My roundabout point is that the economists working with The Wall Street Journal inhabit a different world than “the public.” Most of them work for large financial institutions, including Morgan Stanley, BofA Merrill Lynch, Goldman Sachs, J.P. Morgan, Deutsche Bank, Moody’s, Barclays Capital, Wells Fargo, and Credit Suisse. Why would anyone compare the opinions of this group to Joe Q. Public?
I looked closely at several of the quantitative answers provided by the economists and compared those to the key qualitative response to the question “During the next twelve months, do you think that the nation’s economy will get better, get worse, or stay about the same?” As reported, the qualitative answer was 64% better, 9% worse, 26% stay about the same.
As noted above the journalist Phil Izzo explained, “The difference may depend on the definition of ‘better.'” Apparently it’s not just GDP, as 40% of the economists believe that it will be smaller at the end of 2011 than at the end of this year (9% think it will be the same). Perhaps it’s unemployment, where all but one economist sees the percentage dropping by end of next year (although from a bleak 9.4% to a less-bleak 8.6%). Nearly 6 out of 10 see consumer prices rising, not generally a good thing. All but one of the 44 who ventured to predict housing prices sees an increase next year; the one who thinks they’ll hold steady next year believes the improvement will happen this. Economists and homeowners can crack a half-smile; renters (a third of the population) a frown. Still the predicted improvement is less than 2% for prices that, according to the latest S&P/Case-Shiller Home Price Indices report, are currently running at 2003 levels.
The Wall Street Journal, so central to this entry, also reported separately today that “weak industrial output and a drop in wholesale prices point to a slowing in the economic recovery.” It’s a world of contradictions.
2. The Bias of Economists
I hope it will not shock you to read that just because someone has a Ph.D. that he or she might still be biased. There is ample documentation of the bias of economists (see #7 in this article; spend some time on the background provided). Here’s an example of something they’re not so good at:
3. “The Economists” vs. “The Public”
The public survey positioned by The Wall Street Journal in opposition to the 55 economists was a telephone survey of 1000 adults, conducted June 17-21, 2010. I ran the basic survey demographics against the Census department figures for the U.S. population, and the survey contractor appears to have done a good job finding an acceptably close demographic match on basic attributes like age, race, education and household income. This serves to highlight that the demographics of the economists participating in the WSJ’s survey are remote from those of the general public. For example:
(i) There are slightly more women than men in the U.S.

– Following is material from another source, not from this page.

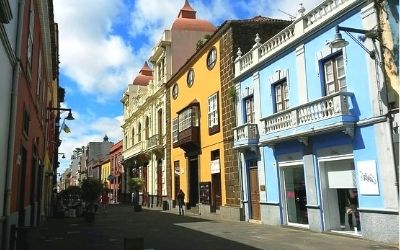 CALLE HERRADORES SAN CRISTOBAL DE LA LAGUNA TENERIFE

The economists: 53 male; 2 female.
(ii) 38% of the population is age 18-44. I didn’t check everyone on the list of economists, but of those I checked, one appeared possibly to be younger than 44. Most are much older. I doubt that 5% of the group of 55 are between 18 and 44 years old.

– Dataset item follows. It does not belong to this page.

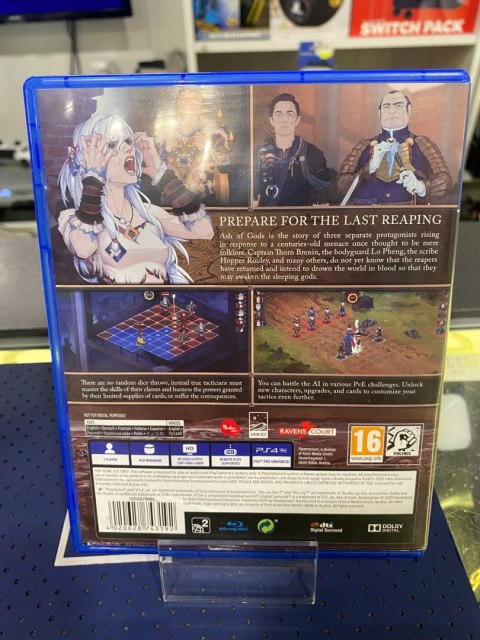 Ash of Gods: Redemption Sony PlayStation 4 (PS4)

(iii) Some 60% of the survey respondents lack even a bachelor’s degree. All of the economists have postgraduate degrees.
(iv) About 80% of U.S. households have incomes below $100,000 per year. About 100% of the economists have household incomes above $100,000 per year.

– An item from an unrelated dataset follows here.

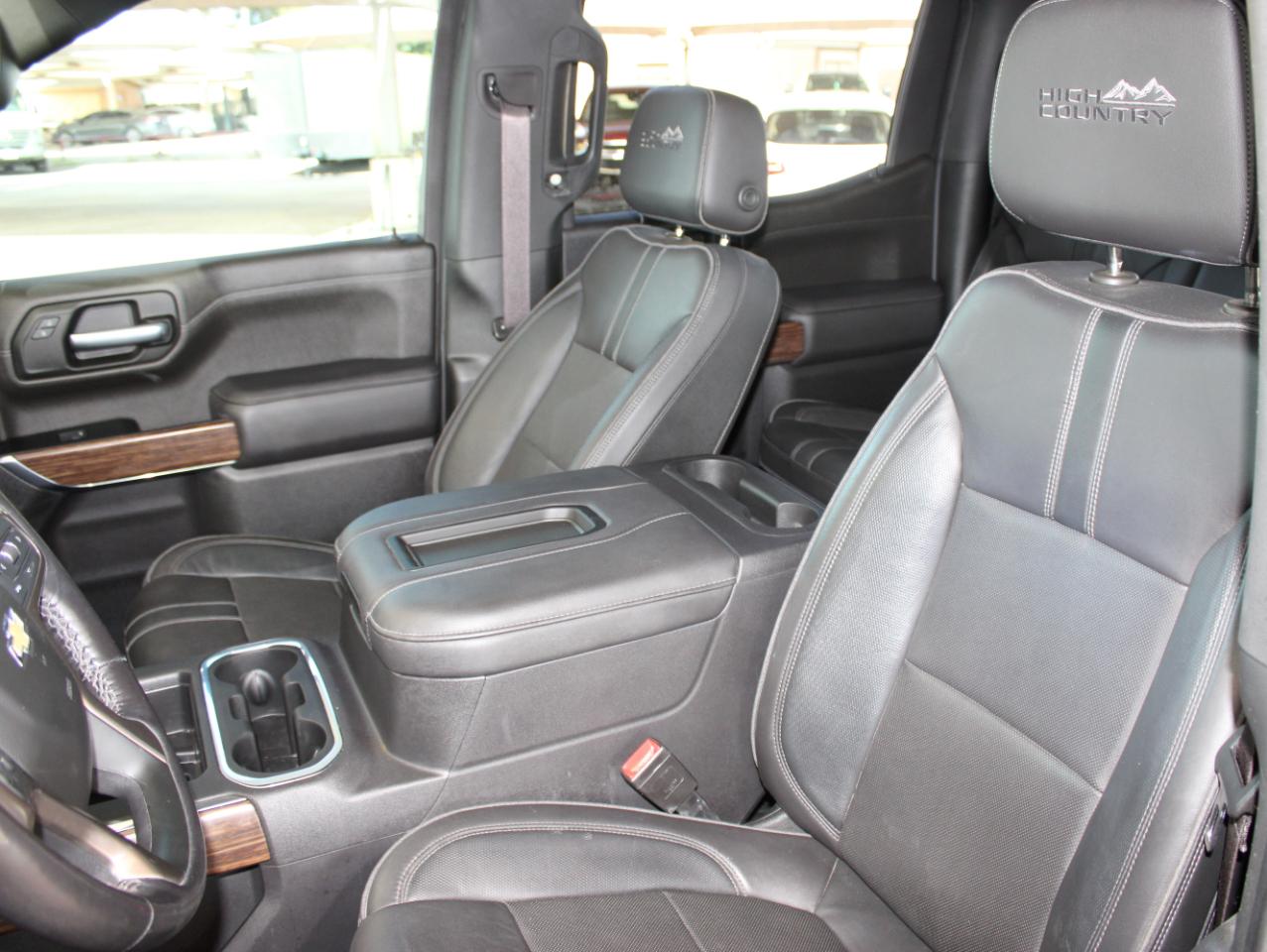 Chevrolet Silverado 1500 Limited High Country Crew Cab 4WD 2022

(v) 47% of the public survey respondents did not “know enough to say” what they thought of the nomination of Elena Kagan to the Supreme Court. The economists were not asked this question, but we can imagine that few would admit that they didn’t know enough to express an opinion on this important current issue.
(vi) CBS News conducted a similar public poll to the NBC/WSJ poll, except the CBS poll ran July 9-12, a month later than the competition. Many of the questions were similar; so too the answers. The major difference is that CBS probed more deeply into the economic circumstances of respondents. Both surveys found nearly 60% of respondents employed. CBS found 14% of its respondents “temporarily out of work”; NBC/WSJ only 7% “unemployed, looking for work.” It gets worse.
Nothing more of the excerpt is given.